About half of the residents in the community don't have full-time homes. Creating an industry that trains the young people of the community in construction, agriculture and the sales aspects of commercial hemp products offered a better future than gambling enterprises, Pendleton thought.

The State of Minnesota ran a hemp products research project through the University of Minnesota system in 2016 that involved growing mainly for research into the properties of the fibrous material and how it could be commercialized. The Lower Sioux jumped at the chance under Pendleton's leadership.

"That's the year I think we first started with a small acreage," he recalls. "At that time, it was going to be tied with a research, higher learning, for research purposes, project but in 2017, it was then allowed for commercial purposes, so we could use it and sell it."

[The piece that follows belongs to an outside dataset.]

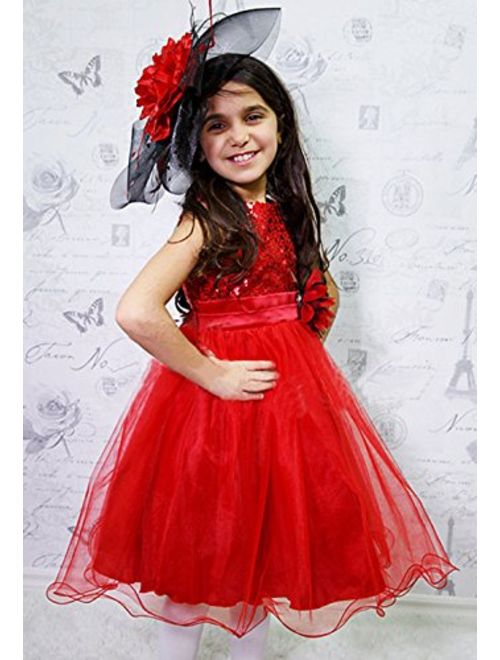 DreamHigh Sequined Flower Girls Party Pegant Dress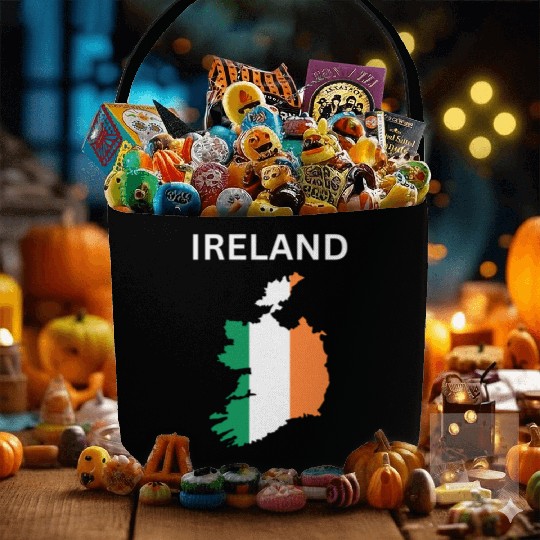 Ireland Flag Map Fabric Baskets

"We sold the green (the cannabis), which was really the only part of the plant that there was a market for at the time and we got a good return that covered our farming costs," Pendleton explains. "We ended up with the stock of the plant, which is the hurd (or shives) and the fiber. We paid for our farming with the sale of the green and that made the hurd basically free."

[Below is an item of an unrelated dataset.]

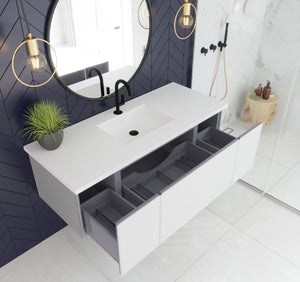 Vitri 54" Cloud White Bathroom Vanity with VIVA Stone Solid Surface Countertop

Construction at the Lower Sioux Community

The Lower Sioux have already built demonstration projects, a shed and a two-room building using wood framing and sprayed-on hempcrete. They process some of their hemp into hempcrete at commercial facilities off the reservation. 

"To try to produce it here in the community when we've never farmed any crop in our 80 plus years of existence, that was a big endeavor, by itself," Pendleton says. 

There is potential to plant hemp on 300 acres and, at a given time, grow the hemp on between 100 and 200 acres with a common crop rotation. Test seeds came from New Genetics in Colorado and the Dun Agro Hemp Group, a Dutch company with a processing facility in Indiana. Dun Agro is looking to partner with native communities that have the sovereignty to decide to build production facilities in the U.S.

"We already have equipment that's being housed in another facility," said Danny Desjarlais, the community's construction manager for the hemp campus project. "As soon as this campus is done, we'll bring that equipment over and get it set up and hopefully get it up and running, you know, within the first couple of weeks after we move into the building."

Desjarlais was a carpenter who was considering becoming a long-haul trucker before Pendleton brought the idea of hemp production to him. 

"Ear was the one that hired me 19 months ago" for the hemp building project, Desjarlais says.

The processing facility will be the first fully integrated hempcrete facility with its own growing operation nearby in the U.S. if it's completed on time in April. By producing and processing their own hemp, the hempcrete block and foam it creates have the potential to be less expensive on the open market than those of producers who are buying the plants elsewhere and then processing them because of the economies of scale that can be achieved by eliminating shipping costs, distributors and, for the overseas producers, import tariffs and fees.